The Drug Policy Alliance is holding a crucial conference and workshop series—“Coercive Treatment: Moving Beyond ‘For Your Own Good’”—in San Francisco this week, including Filter contributors Maia Szalavitz and Dinah Ortiz, leading harm reduction clinician Patt Denning, and many other notable speakers. DPA announces:

Harmful and coercive drug addiction treatment interventionssuch as forced detox, civil commitment, and drug and other treatment courts—are proliferating with wide public and government support, despite a myriad of negative  consequences for both individuals and society.

This coercive cast to addiction treatment is built on the NIDA-led idea that people are incapable of making substance-related decisions for themselves, since their wills are controlled by addictive disease. As we’ll see, this vision has long been the primary recruitment tool for America’s dominant 12-step treatment paradigm.

No form of treatment is universally applicable.

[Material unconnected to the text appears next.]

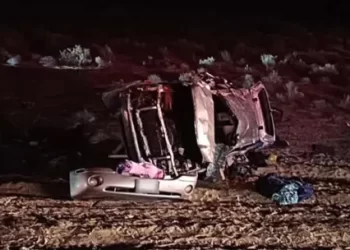 Menor de Edad es Asesinado a Balazos en Ciudad Obregón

It’s important to establish that forced treatment is always wrong. It is a tool for controlling people that tramples human rights by ignoring the individual’s own values and preferences. And it is ineffective since it eliminates the most essential element in genuine recovery—human agency in the form of people’s investment in their own well being. Such human agency is an increasingly depleted resource in our society.

No form of treatment is universally applicable. The miscalculation that everyone should be treated the same way includes a phenomenon seen more recently: coercion into medication-assisted treatment. MAT, as noted in Filter, is an effective tool for reducing our seemingly uncontrollable drugs deaths epidemic. But MAT is dangerously misused when it is presented as a “cure” for a “brain disease” and made compulsory.

Both NIDA’s chronic brain disease version of addiction and the 12-step version reinforce the idea that drug users are unable to control their drug use and therefore must be forced into treatment “for their own good.”

I have been fighting this notion for decades with the argument that mindless disease treatment, built on the idea that drug use is inherently uncontrollable, will only feed back into more addiction and more treatmentnot greater freedom and well being for drug users. Per DPA:

Calls for more treatment funding, or “treatment instead of incarceration,” are common in the drug policy, mental health, recovery, criminal justice, and disability spaces. The same indignities and negative consequences commonly associated with criminalization, however, can also be reproduced by public health and treatment interventions that fail to prioritize consent.

This trend is more apparent today than ever, as Zach Rhoads and I detail in our new book, Outgrowing Addiction.

AA’s Coercive Template

Alcoholics Anonymous, contrary to its image, is by and large not a voluntary organization. AA’s own North American membership survey indicates that “referrals”with greater and lesser degrees of coercion—supply the bulk of the fellowship’s participants. Coercion into the 12 Steps comes from five main sources: criminal courts; family courts and family services; healthcare systems; families; and employers.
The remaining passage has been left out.